Live At The FloodgateWe all tell jokes about banjo players even when we know better. But I’ll tell you this. See Dan Walsh on his current tour and you won’t be laughing. In fact, you’ll probably leave with a big smile on your face. Dan managed to record Live At The Floodgate in Stafford just before the first lockdown and presumably decided to hold on to it for a while until it was all over – I suppose that’s now.

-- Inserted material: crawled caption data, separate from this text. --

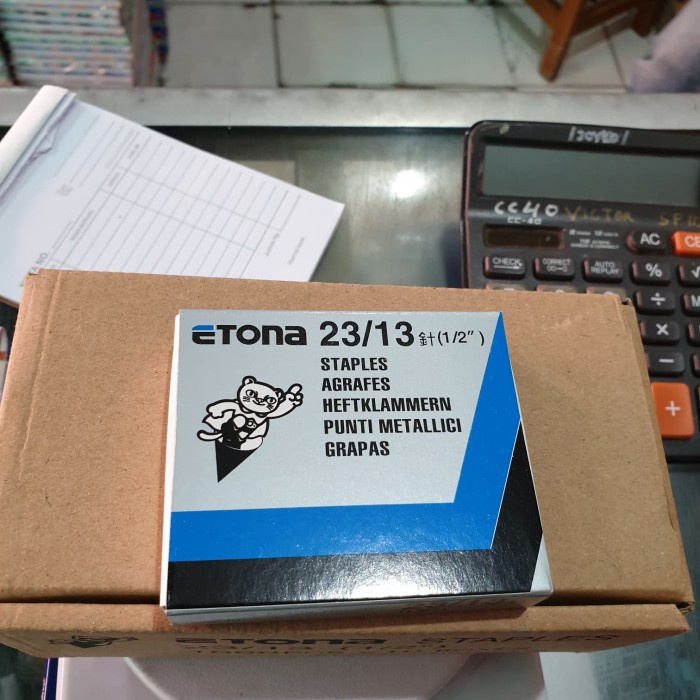 

Bestseller Isi Staples Etona No 23/13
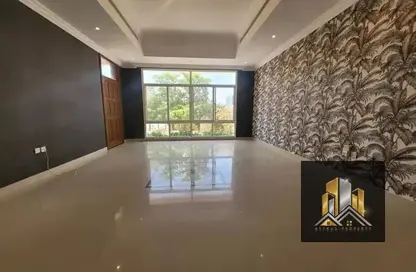 Apartment - 1 Bathroom for rent in Villa Compound - Khalifa City - Abu Dhabi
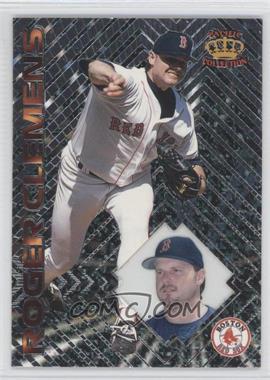 1997 Pacific Crown Collection Prism - [Base] - Platinum #14 - Roger Clemens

He starts out thoughtfully. There’s a ripple of applause, a big chord and a pause before he tackles the first notes of ‘On The Border’. It’s a slow start – one of those tunes that evokes the wide open spaces somewhere down Mexico way before slipping into a second and third tune and picking up speed. The first song is ‘Still A Town’ about urban development and the death of old town centres but also about people power. From there we have the traditional Irish song, ‘The Suilin’, a lovely lilting tune once part of the Saw Doctors’ repertoire.

Having nicely warmed up Dan plays three meaty jigs, clawhammer style, under the collective title, ‘Plan B’ and switches to guitar for another old Saw Doctors’ song, ‘At Least Pretend’, presumably to get his breath back before diving into the break-neck ‘Late Night Drive’. It’s a tune that should end with a car wreck but produces silly grins all round. ‘Whiplash Reels’ begins by sounding like a slow tuning-up exercise or the player trying to master the fingering. After about two minutes, he’s got it and the piece takes off. ‘Calliope House’ is a set of fast session tunes, the sort of thing that Dan does best.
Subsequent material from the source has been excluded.